_Supplied records:_
———

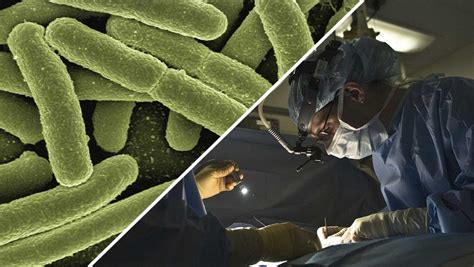 Las Superbacterias Serán La Principal Causa De Muerte En 2050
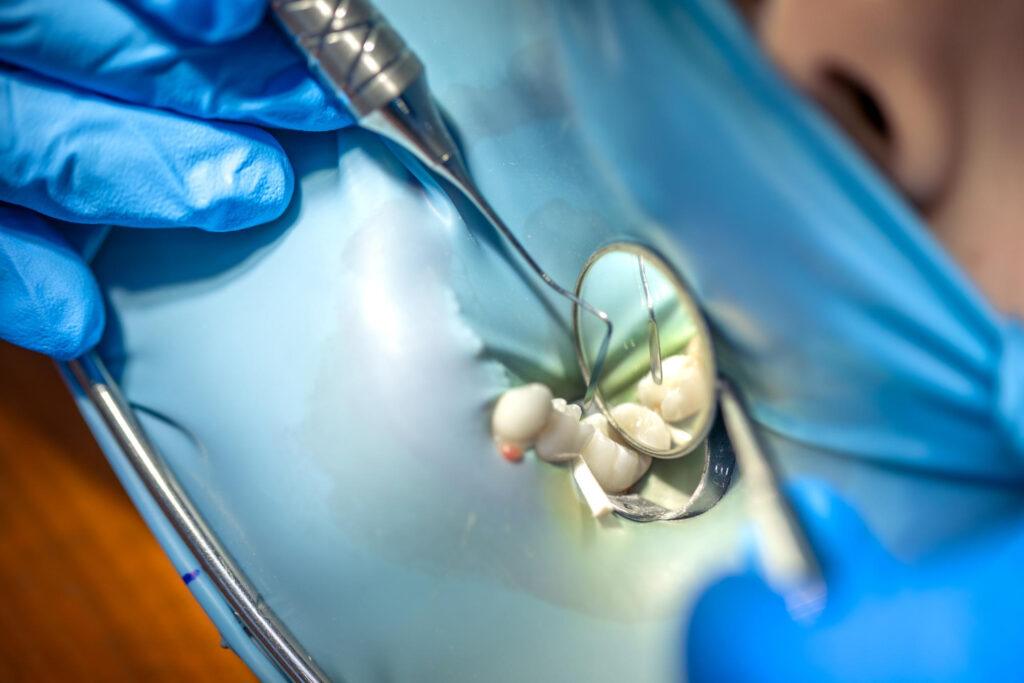 root canal treatment
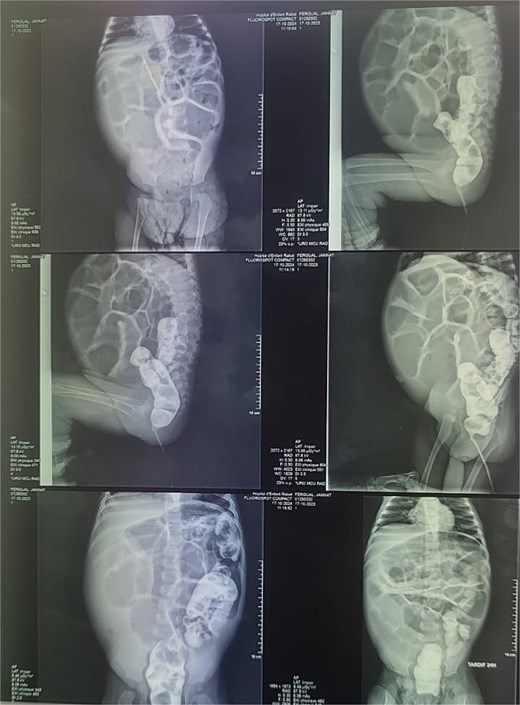 Barium index suggesting an upper intestinal obstruction.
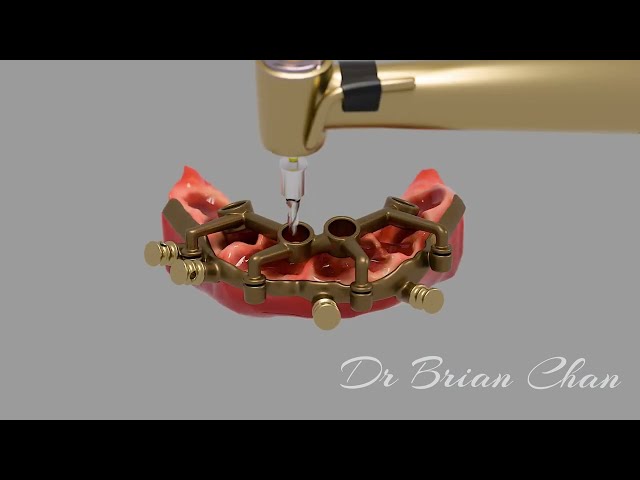 Fully Guided Surgery X Full Digital Workflow by Blender, BlueSkyPlan & Meshmixer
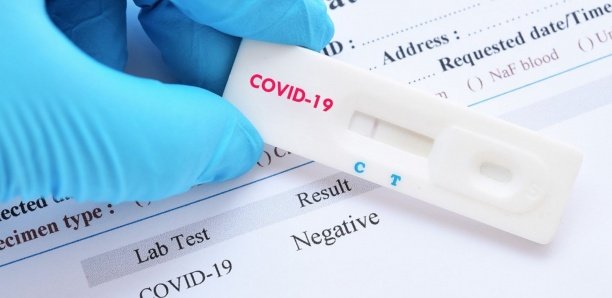 Covid-19 : 4 nouveaux tests positifs, dont 2 cas contacts et 3 cas graves signalés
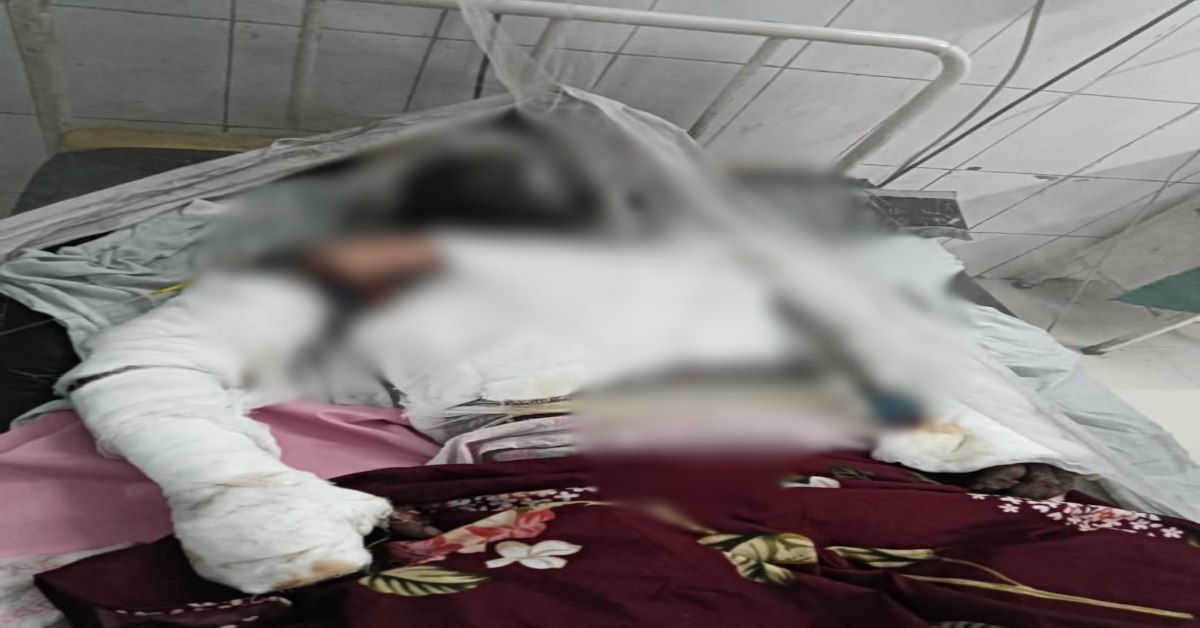 प्रेमी ने की सुसाइड की कोशिश: प्रेमिका के घर के सामने लगाई आग, गंभीर हालत, शादी का झांसा देकर पैसे ऐंठने का आरोप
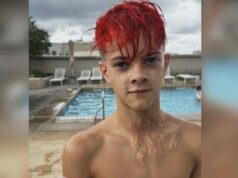 Reto de TikTok causa graves quemaduras con juguete NeeDoh Joven con cabello rojo muestra cicatrices de quemaduras en su cuello provocadas por un juguete NeeDoh.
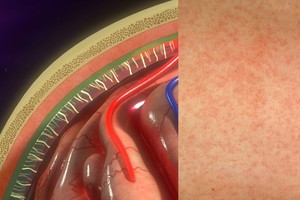 Svarbu laiku pastebėti šiuos apgaulingus požymius, tik tada išgelbėsite gyvybę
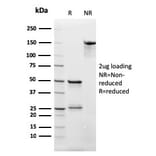 SDS-PAGE - Anti-CD3 epsilon Antibody [rC3e/2479] (A253679) - Antibodies.com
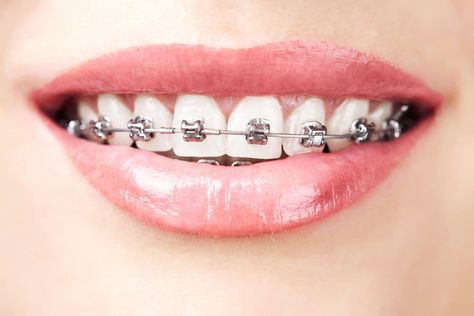 Damon Braces, Dental Wallpaper, Braces Cost, Adult Braces, Traditional Braces, Invisible Braces, Clear Braces, Braces Colors, Dental Braces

———

Copy out only the lines beginning at the line with "SDS-PAGE - Anti-CD3" and ending at the last line of the entries. Keep them exact; drop pictures.

 SDS-PAGE - Anti-CD3 epsilon Antibody [rC3e/2479] (A253679) - Antibodies.com
 Damon Braces, Dental Wallpaper, Braces Cost, Adult Braces, Traditional Braces, Invisible Braces, Clear Braces, Braces Colors, Dental Braces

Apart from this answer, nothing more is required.